### Exercise requirements
Once the pictures are set aside, reproduce all of the records exactly.

### Records for the task

┄┄┄┄┄┄┄┄┄┄

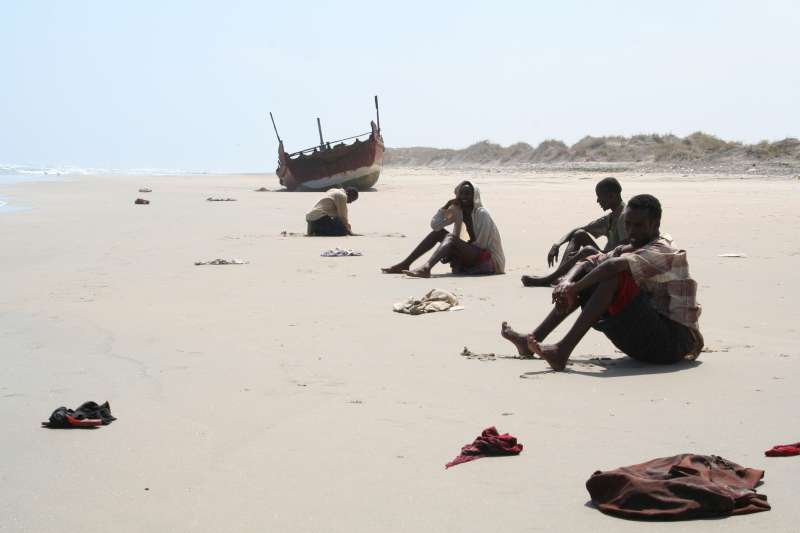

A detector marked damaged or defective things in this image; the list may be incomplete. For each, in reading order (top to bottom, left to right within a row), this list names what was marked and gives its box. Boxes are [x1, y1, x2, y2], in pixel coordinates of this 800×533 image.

torn garment [392, 288, 456, 314]
torn garment [444, 426, 524, 468]
torn garment [588, 454, 768, 520]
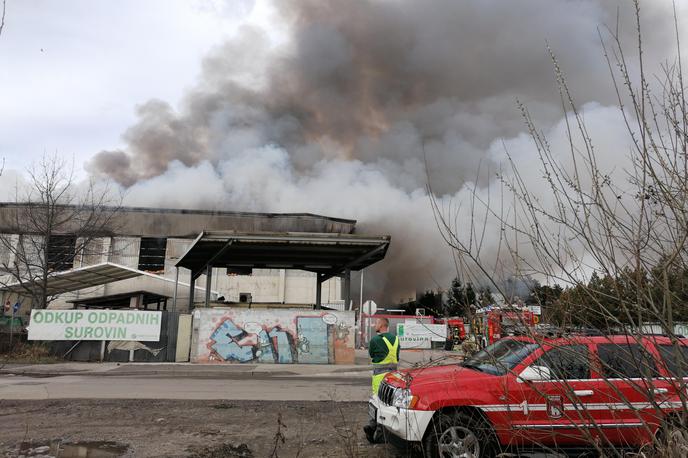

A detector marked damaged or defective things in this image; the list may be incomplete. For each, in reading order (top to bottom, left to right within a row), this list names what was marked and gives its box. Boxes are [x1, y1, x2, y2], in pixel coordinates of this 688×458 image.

broken window [47, 236, 77, 272]
broken window [138, 238, 167, 270]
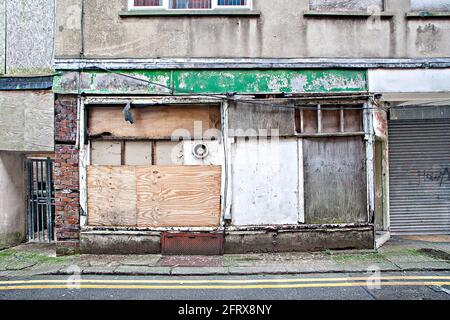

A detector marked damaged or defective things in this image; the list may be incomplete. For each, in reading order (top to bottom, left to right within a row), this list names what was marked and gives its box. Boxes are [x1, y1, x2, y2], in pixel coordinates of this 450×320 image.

peeling green paint [53, 69, 370, 95]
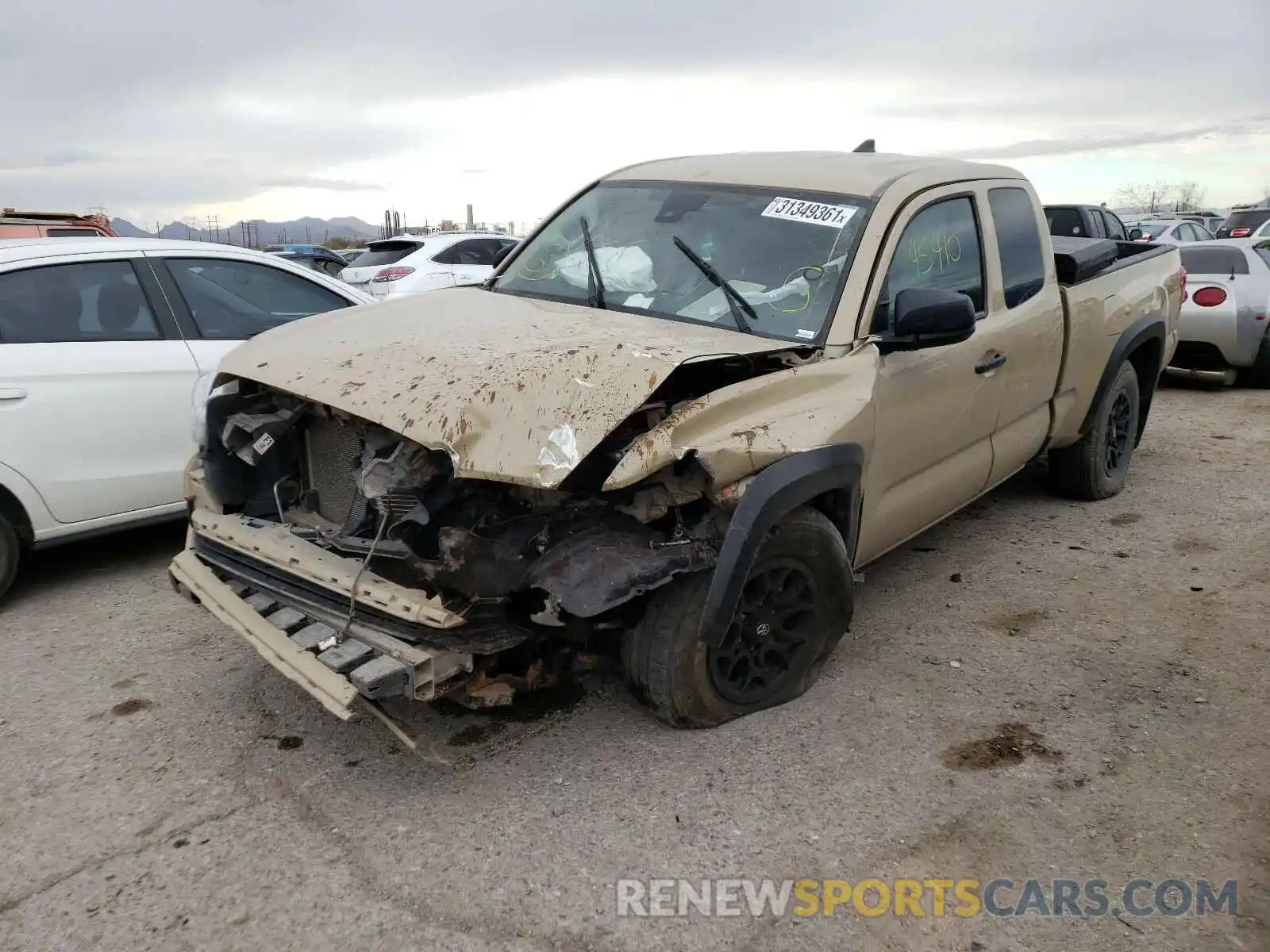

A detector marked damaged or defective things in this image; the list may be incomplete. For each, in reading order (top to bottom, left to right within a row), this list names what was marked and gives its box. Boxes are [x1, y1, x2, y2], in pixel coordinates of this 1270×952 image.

damaged front end [181, 373, 762, 720]
crumpled hood [223, 286, 787, 487]
damaged tan pickup truck [166, 151, 1178, 746]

┄┄┄┄┄┄┄┄┄┄

### Answer to the problem
A detector marked damaged or defective things in this image; the list may be incomplete. For each, in reading order (top to bottom, left to right within a row), this list names what was marked and gives its box. Boxes are [x1, y1, x2, y2], in pixel coordinates of this 800×533 image.

torn garment [392, 288, 456, 314]
torn garment [444, 426, 524, 468]
torn garment [588, 454, 768, 520]

A detector marked damaged or defective things in this image; the list may be incomplete. For each, in reading order (top to bottom, left to right within a row), this list names what was marked and gives its box. Boxes are [x1, y1, x2, y2], in pixel coordinates of this 688×458 image.

broken window [47, 236, 77, 272]
broken window [138, 238, 167, 270]

A detector marked damaged or defective things in this image; the list may be incomplete. For each, in reading order (top to bottom, left to right within a row), this list names what was marked and gives its box. Boxes are [x1, y1, x2, y2], in pixel coordinates of this 450×320 image.

peeling green paint [53, 69, 370, 95]

A detector marked damaged or defective things in this image; the list may be incomplete. For each, in reading order (top to bottom, left to right within a row), this list names what was marked and gives its box. Boxes are [x1, y1, x2, y2], in pixel coordinates of this 1270×952 image.

damaged front end [181, 373, 762, 720]
crumpled hood [223, 286, 787, 487]
damaged tan pickup truck [166, 151, 1178, 746]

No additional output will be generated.